A diagram of MTU shrinking inside a VPN tunnel

proving it with a ping you have to ask for nicely

The test for this is to send a large packet with the don't-fragment bit set, and watch where it gets refused. On Linux:

$ ping -M do -s 1472 -c 2 10.20.0.5
PING 10.20.0.5 ... 1480(1508) bytes of data.
ping: local error: message too long, mtu=1500

1472 bytes of payload plus 28 of headers is 1500, the standard Ethernet MTU. That fit. So I walked it down:

$ ping -M do -s 1422 -c 2 10.20.0.5
1430 bytes from 10.20.0.5: icmp_seq=1 ttl=63 time=0.6 ms

$ ping -M do -s 1423 -c 2 10.20.0.5
... no reply, hangs ...

There it is. Anything up to 1422 bytes of payload got through. One byte more and it vanished. So the real MTU on this path was 1450, not 1500, and there was a VPN tunnel sitting in the middle of the route. That is exactly the culprit you would expect, because a tunnel wraps each packet in its own headers, and those headers eat into the space available for your actual data. A 1500-byte packet of yours, once the tunnel adds its encapsulation, no longer fits inside a 1500-byte link, so it has to be fragmented or dropped.

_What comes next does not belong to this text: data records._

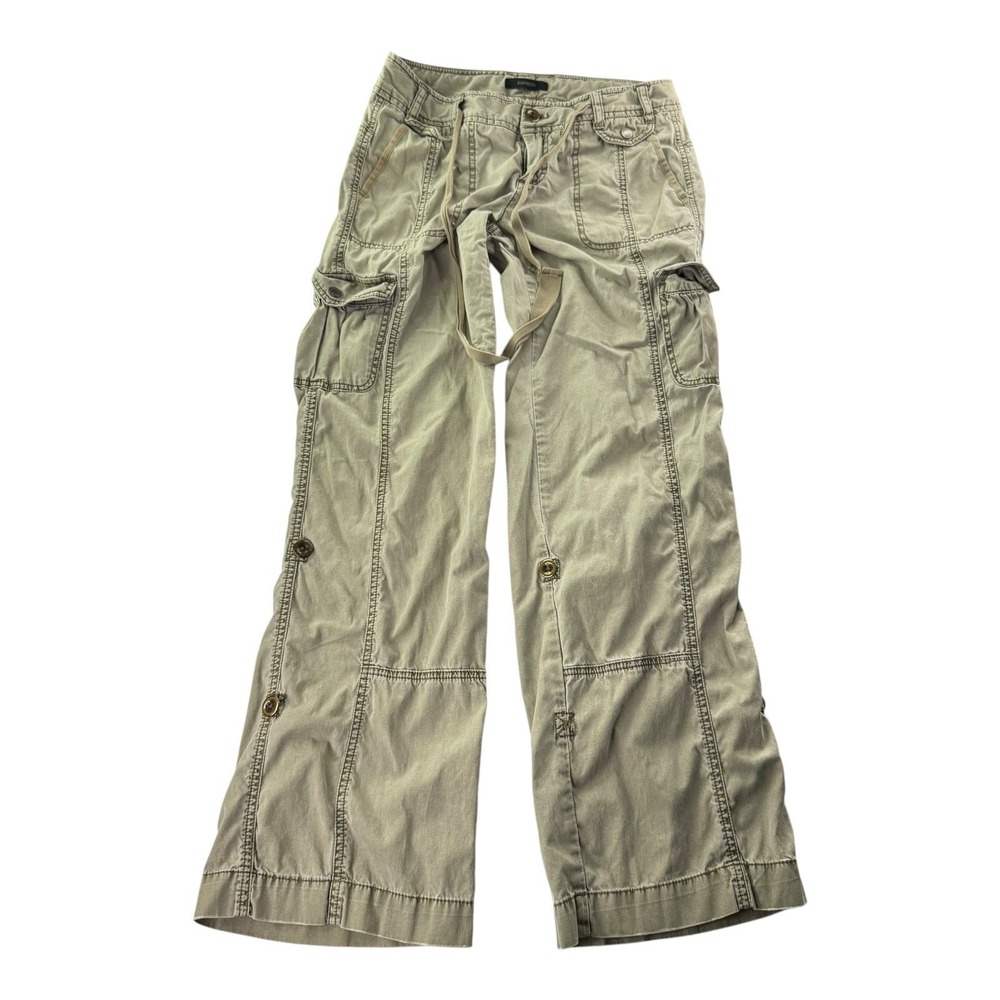 Express Women's Size 6 Green Convertible Cargo Pants Wide Leg Y2K Utility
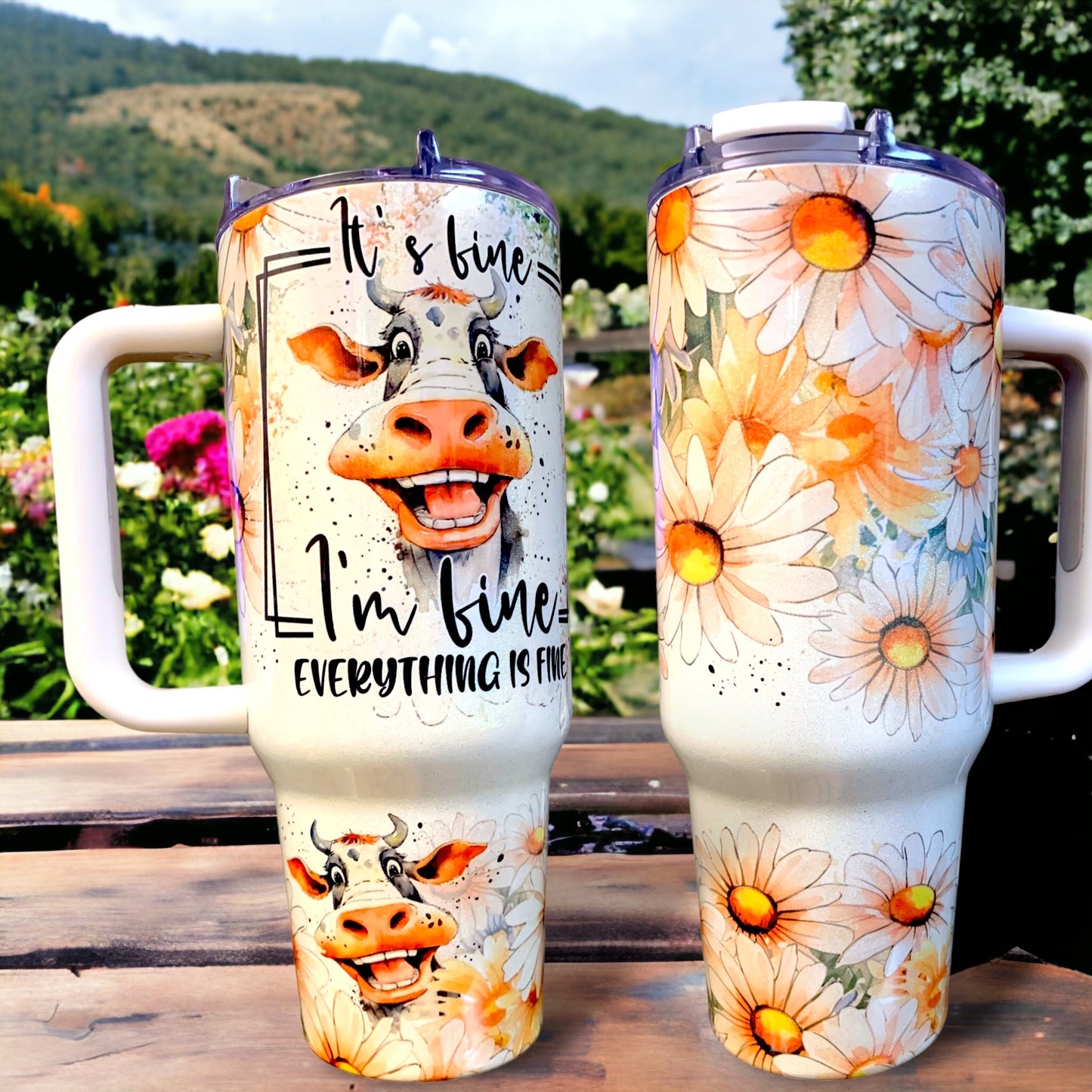 Custom 40oz handle tumblers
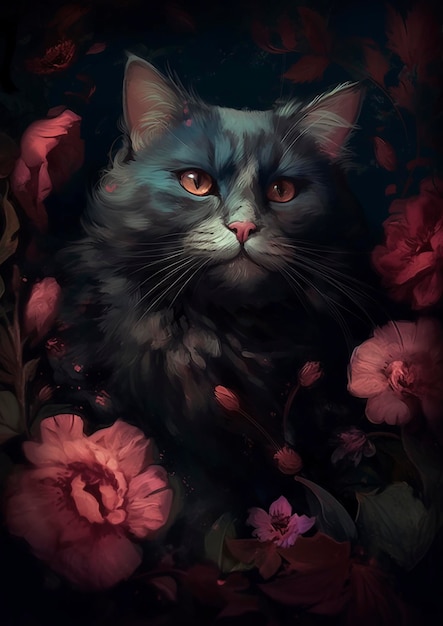 Un hermoso gato adorable rodeado de fondo floral generativo ai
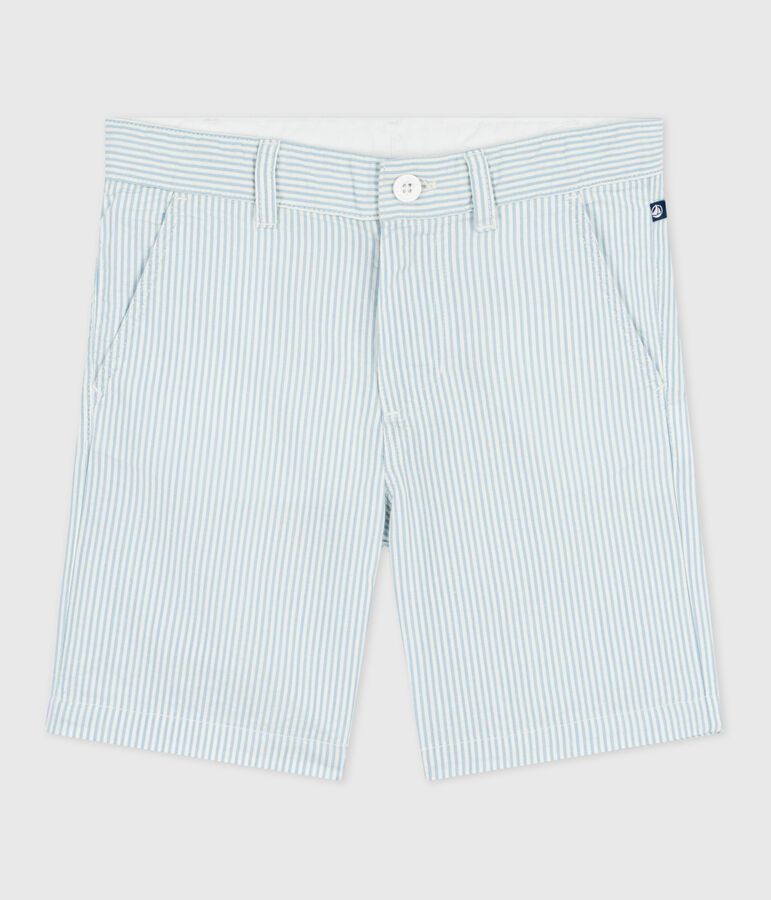 Kinder-Bermudashorts aus Baumwolle mit Streifen weiss/blau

why it hung instead of failing cleanly

Normally this fixes itself. The mechanism is Path MTU Discovery: a router that cannot forward an oversized don't-fragment packet sends back an ICMP "fragmentation needed" message telling the sender to use smaller packets, and the sender obligingly does. The system is designed to handle exactly this. The reason it was not handling it was the reason it almost never handles it: somewhere along the path, a firewall was dropping ICMP.

A close-up of an iptables rule blocking ICMP fragmentation-needed messages

Some well-meaning soul, years ago, had blocked ICMP wholesale because "ICMP is a security risk," lumping the genuinely-load-bearing "fragmentation needed" message in with ping. So the oversized packets were dropped at the tunnel, the "please send smaller packets" reply that would have rescued the connection was itself dropped at the firewall, and the sender was left waiting for an acknowledgement that would never come, retransmitting the same too-big packet forever. That is the hang. Not a slow link, not a busy server, just a connection patiently retransmitting a packet that physically cannot fit, into a silence where its only correction had been firewalled off.

the fix

There were two honest fixes and I applied both. The proper one was to stop blocking ICMP type 3 code 4, the fragmentation-needed message, so Path MTU Discovery could do the job it was designed for:

# allow PMTU discovery to work
iptables -A INPUT -p icmp --icmp-type fragmentation-needed -j ACCEPT

The belt-and-braces one, for the hosts behind the tunnel, was MSS clamping, where the router rewrites the TCP maximum segment size during the handshake so both ends agree to use packets that already fit the tunnel, no ICMP required:

iptables -t mangle -A FORWARD -p tcp --tcp-flags SYN,RST SYN \
    -j TCPMSS --clamp-mss-to-pmtu

With either of those in place the large transfers flowed instantly, and the connection that had hung forever completed in milliseconds.

The lesson is old and I will be relearning it again, probably next year. When a connection establishes and then stalls on the first big payload, it is the MTU, and it is almost always a tunnel, and the reason it hung rather than failed cleanly is almost always somebody who blocked ICMP because it sounded dangerous. Ping proves nothing about big packets. Ask it for a big one with -M do, walk the size down until it breaks, and the path will tell you exactly where it shrank.